Goodbye Halloween
Kiki broomsticked over to preschool yesterday, and while nobody knew who she was (see Kiki's Delivery Service), everyone admired the giant red bow on her head. Kiki's pals did smashingly on the costume front too. One three-year-old asked to be a "vampire moose" this year, so his mother heroically pulled together a Count Moosula ensemble. Mooses, or meese, or whatever they're called, are part of the scene here in rural Crabtown so a plush moose-head was easily procured; then vampy teeth were slotted in and a brown moose-ish colored cape completed the look. Brilliant.
Overall, H-ween went smoothly in Crabtown. The town erupted in a show of pleasantness and goodwill. As is our local tradition, ghouls and ax-murderers genially handed out candy in the stores lining the town square. Even the trick or treaters that came to our house were very polite and good. And I'm not sure I like that.
I mean, it's all very mixed-messages, isn't it? We tell the kids to look witchy/impish/evil but be good. In Crabtown if you egged a car or toilet-papered a tree you'd probably get arrested and have to endure months of volunteer work and counseling about appropriate behavior. But surely being a little bit bad on Halloween is appropriate behavior?
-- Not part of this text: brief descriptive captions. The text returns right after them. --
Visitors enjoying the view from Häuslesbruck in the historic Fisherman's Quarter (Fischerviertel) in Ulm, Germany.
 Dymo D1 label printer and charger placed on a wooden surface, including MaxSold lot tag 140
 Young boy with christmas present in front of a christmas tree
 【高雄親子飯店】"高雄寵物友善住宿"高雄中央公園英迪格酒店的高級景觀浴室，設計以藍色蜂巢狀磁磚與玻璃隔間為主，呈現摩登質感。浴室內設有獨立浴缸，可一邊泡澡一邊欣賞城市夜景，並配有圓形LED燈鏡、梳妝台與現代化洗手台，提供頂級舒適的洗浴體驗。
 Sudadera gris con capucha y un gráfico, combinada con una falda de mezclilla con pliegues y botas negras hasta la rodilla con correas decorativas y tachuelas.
Tots eat vats of candy and turn into sugar-addled monsters, and we're okay with that. But, in Crabtown at least, it's all treat and no trick.
How about your town? Any mischief there? A mom in Atlanta told me she lets her kids play tricks on them but not the neighbors "for fear of litigation." Another Crabfriend reminisced about the old days, when a kid in her high school class took Halloween trickery literally to the max—by covering a neighbor's Plymouth with Maxi pads.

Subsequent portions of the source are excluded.